Quello che appare ormai chiaro è che il Giappone vuole ridisegnare il suo ruolo nello scacchiere asiatico. Lo ha detto chiaro e tondo il premier Abe in occasione del messaggio di Capodanno alla Nazione. Nel mirino, neanche a dirlo, c’è l’articolo 9 della Costituzione che sancisce la «rinuncia per sempre alla guerra» e all’uso della «forza come mezzo di risoluzione delle controversie internazionali». Una svolta che passa, da un lato, da un rafforzamento della storica alleanza con gli Usa, come dimostra il recente accordo sulla base nell’isola di Okinawa. Dall’altro, dal moltiplicare il proprio potere di dissuasione militare in funzione anti-Cina (e anti-Corea del Nord). La "Strategia nazionale sulla sicurezza", licenziata a dicembre dello scorso anno, testimonia i passi in avanti in questa direzione.
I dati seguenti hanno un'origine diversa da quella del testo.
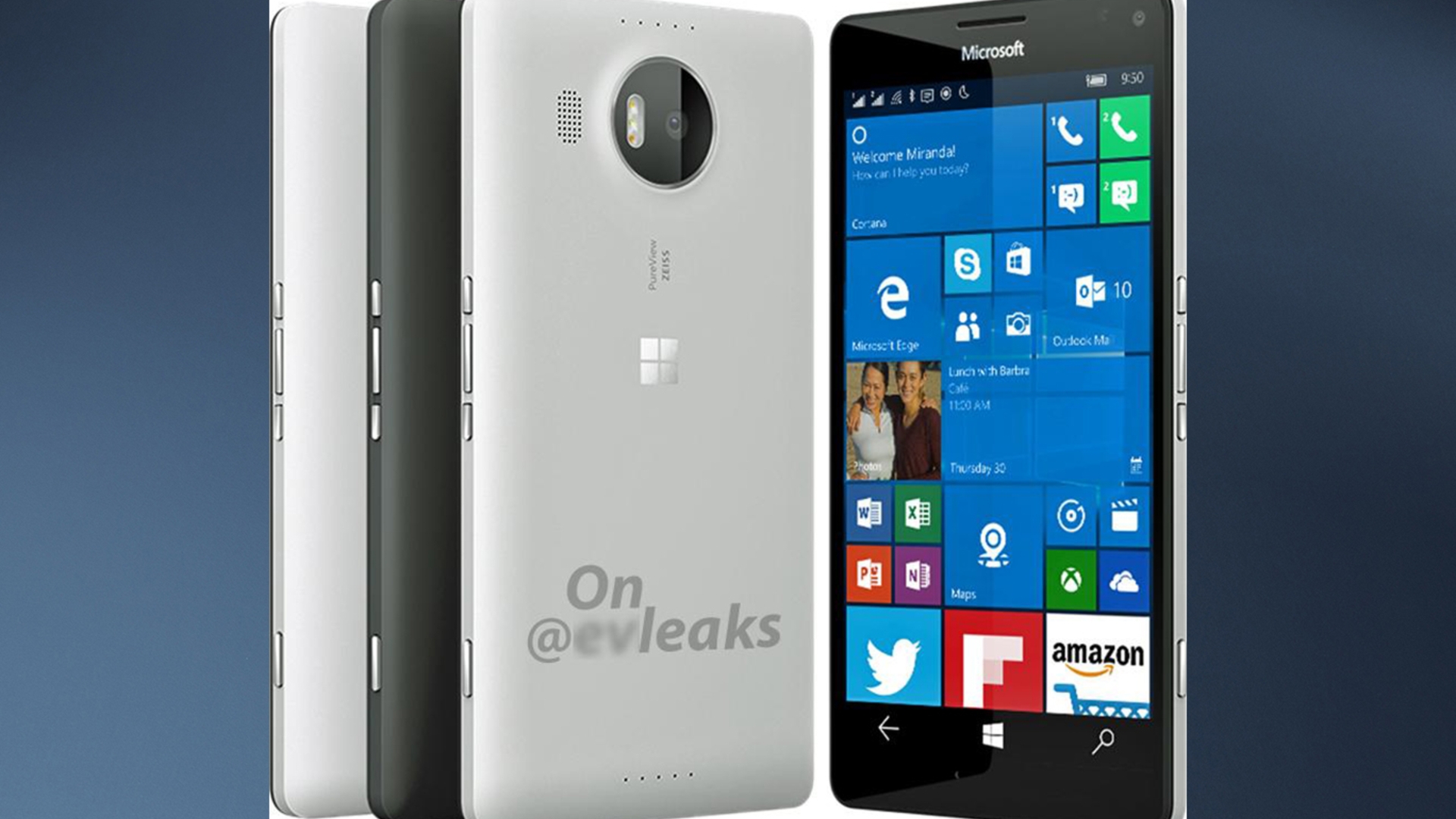 Microsoft Lumia 950 XL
Il governo ha deciso di aumentare del 5% le spese militari nei prossimi cinque anni per dotare le Forze di Autodifesa di equipaggiamenti "mirati" alla tutela dei territori lontani, stanziando 24.670 miliardi di yen (175 miliardi di euro) tra il 2014 e il 2019.
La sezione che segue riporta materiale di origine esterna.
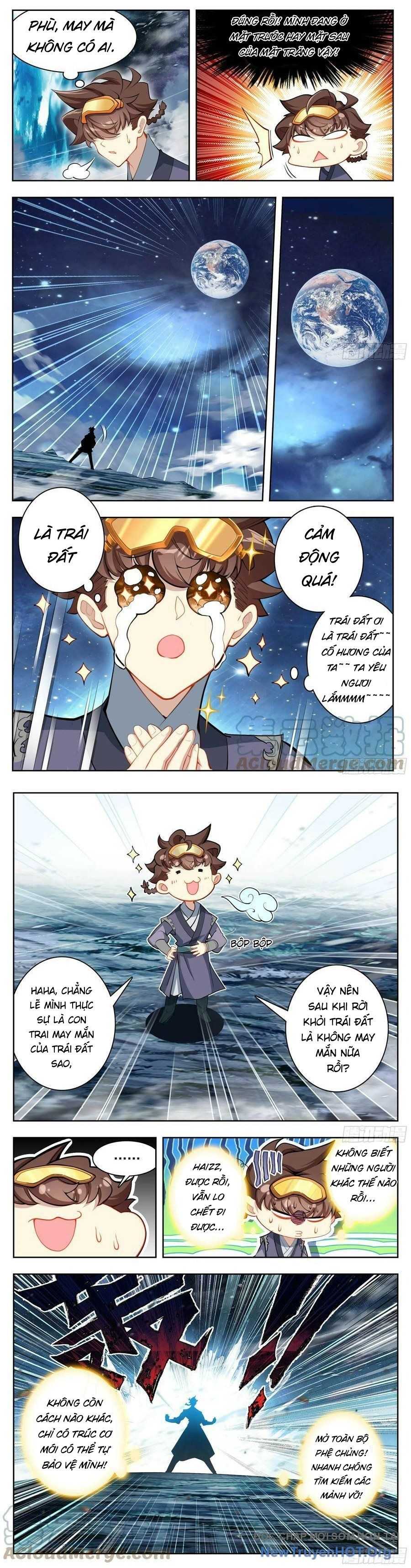 Tam Thốn Nhân Gian Chapter 218 - 9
Nel programma, che fissa più stretti legami con Usa, Corea del Sud, Australia, India, Ue e Paesi dell’Asean, si apre alla revisione dei termini sull’export di armi. E si menzionano acquisti di droni, aerei a decollo verticale, mezzi anfibi, missili, elicotteri da trasporto truppe, caccia F35A, sottomarini e distruttori con tecnologia Aegis per assicurare il controllo delle oltre 6.800 isole dell’arcipelago nipponico, includendo anche le più remote. Non è un caso, allora, che proprio a causa della sua conformazione geografica Tokyo punti molto sulle navi.La marina giapponese è oggi una delle più numerose e attrezzate al mondo, con circa 50 grandi unità da combattimento, navi anfibie e una divisione di marines. Un potenziamento, che come si legge sul sito del Centro studi internazionale (Cesi), «ha il placet degli americani, che oltre ad essere i principali fornitori di armamenti, preferirebbero una più equa redistribuzione dei compiti tramite l’affermazione di un alleato forte nello scenario asiatico, capace di bilanciare l’ascesa cinese e le minacce nordcoreane». Non c’è, infatti, solo la Cina.
L’altro spettro che tormenta i giapponesi si chiama proprio Corea del Nord. Anche qui le minacce (atomiche), costantemente agitate dall’ultimo e più giovane dei Kim, sta spingendo il Paese ad attrezzarsi. Kim Jong-un continua a giocare la partita che fu di suo padre: muoversi sullo spazio stretto tra le minacce e il desiderio di incassare. Un "cavallo pazzo" – come dimostrano le recenti epurazioni avvenute senza il consenso di Pechino – che neanche la Cina riuscirebbe più a tenere a freno. Tokyo, però, non vuole stare più con le braccia conserte. Come annunciato dal ministero della Difesa, il Sol Levante vuole acquisire dei sistemi missilistici offensivi da utilizzati per prevenire un eventuale attacco nordcoreano. Di nuovo è la strategia che cambia. Non subire, ma prevenire. Non attendere, ma anticipare.